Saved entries

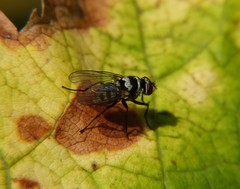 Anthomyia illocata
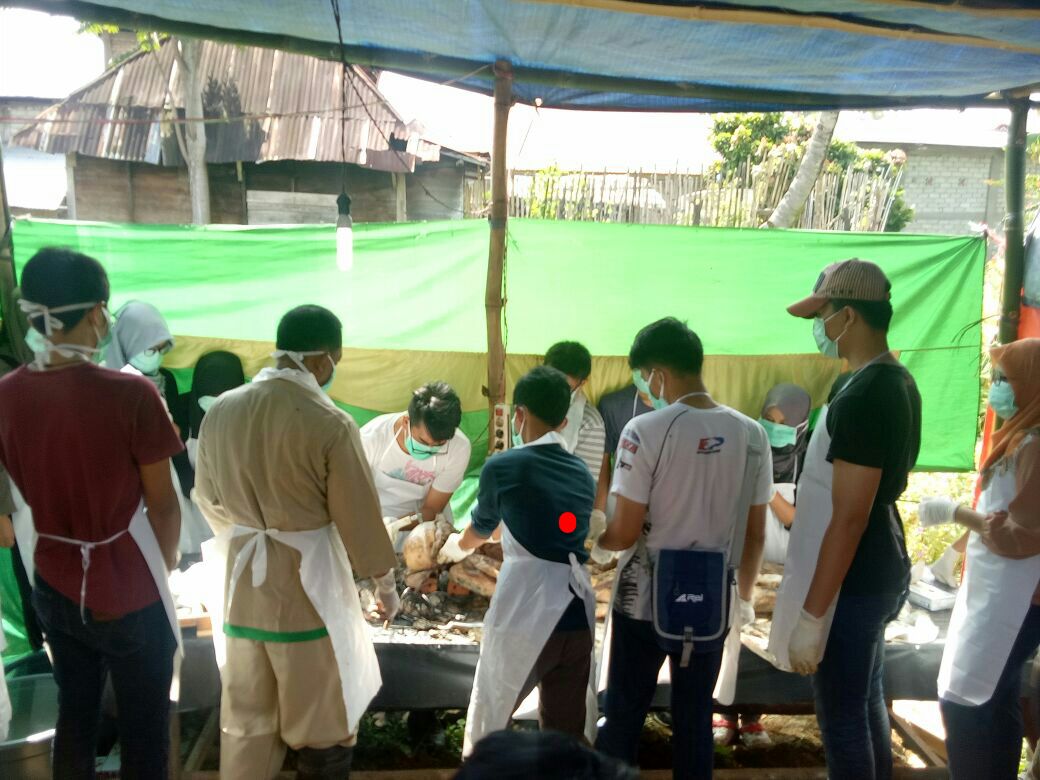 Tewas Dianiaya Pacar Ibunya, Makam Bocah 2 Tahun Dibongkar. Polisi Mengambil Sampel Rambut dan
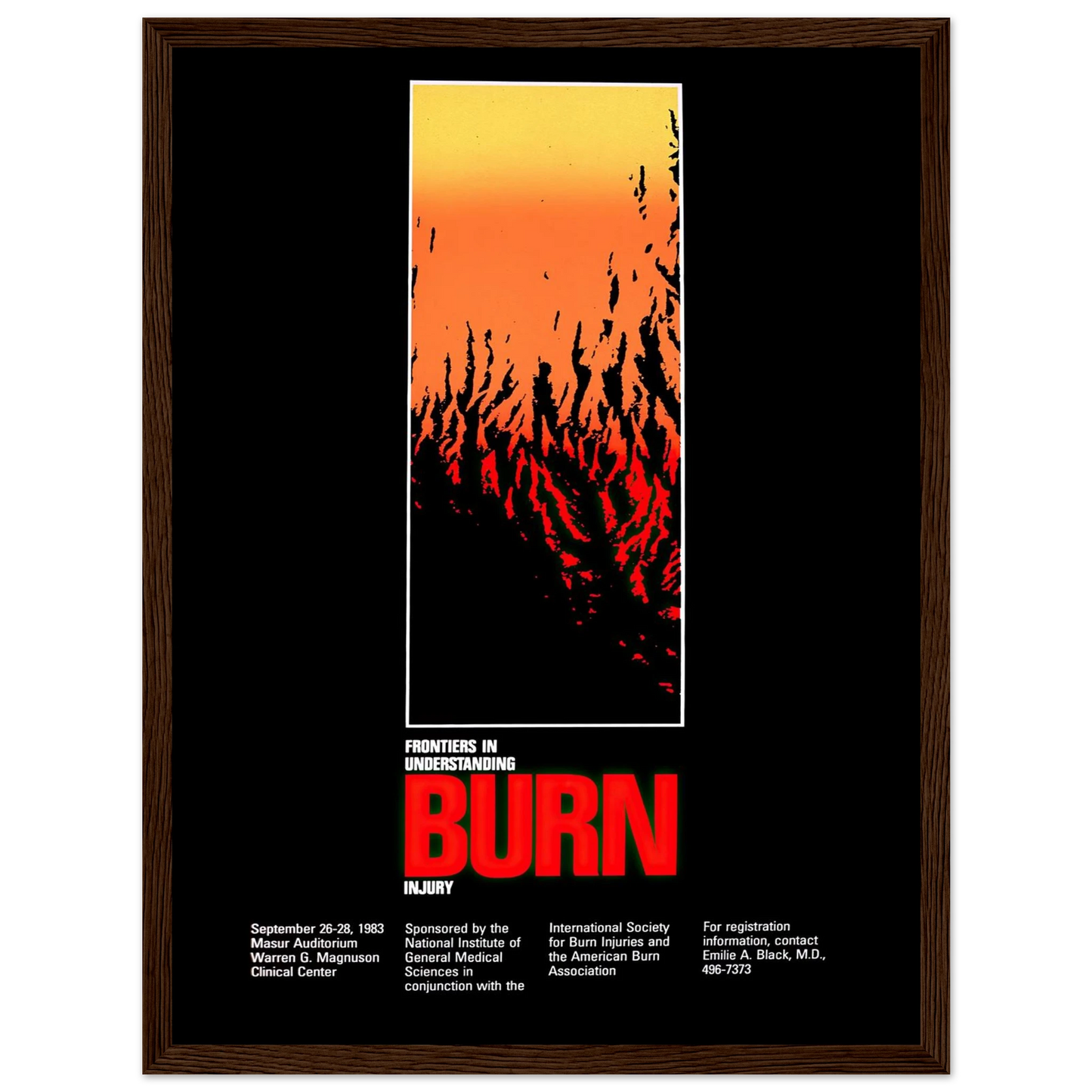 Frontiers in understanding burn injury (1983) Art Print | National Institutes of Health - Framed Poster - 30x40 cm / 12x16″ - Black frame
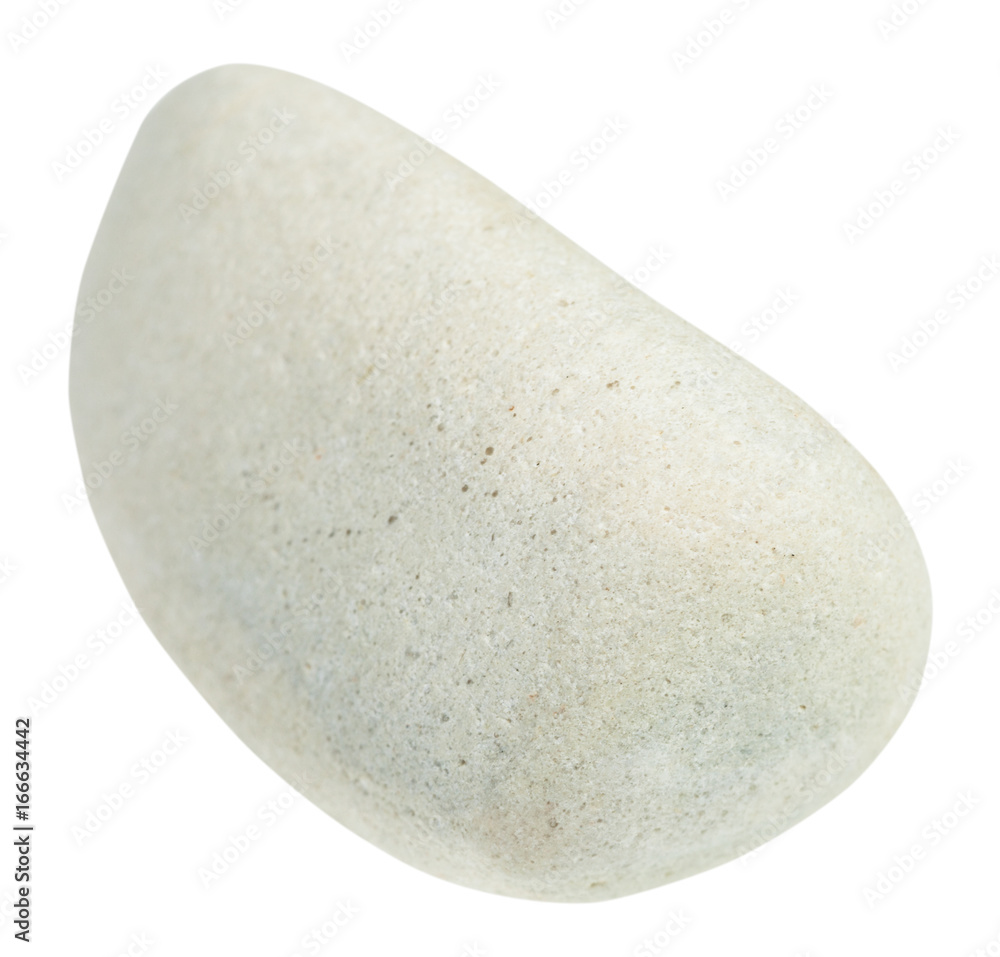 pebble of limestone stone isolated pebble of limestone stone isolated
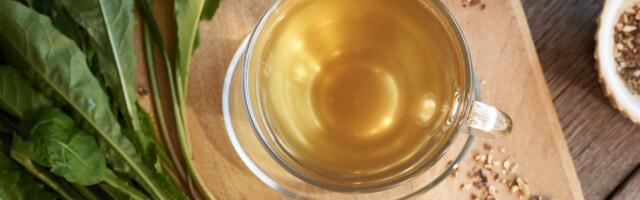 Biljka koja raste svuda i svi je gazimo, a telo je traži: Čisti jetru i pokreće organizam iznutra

• Description of the task: Each record above must be retyped exactly, minus its pictures.

• Solution for this task:
 Anthomyia illocata
 Tewas Dianiaya Pacar Ibunya, Makam Bocah 2 Tahun Dibongkar. Polisi Mengambil Sampel Rambut dan
 Frontiers in understanding burn injury (1983) Art Print | National Institutes of Health - Framed Poster - 30x40 cm / 12x16″ - Black frame
 pebble of limestone stone isolated pebble of limestone stone isolated
 Biljka koja raste svuda i svi je gazimo, a telo je traži: Čisti jetru i pokreće organizam iznutra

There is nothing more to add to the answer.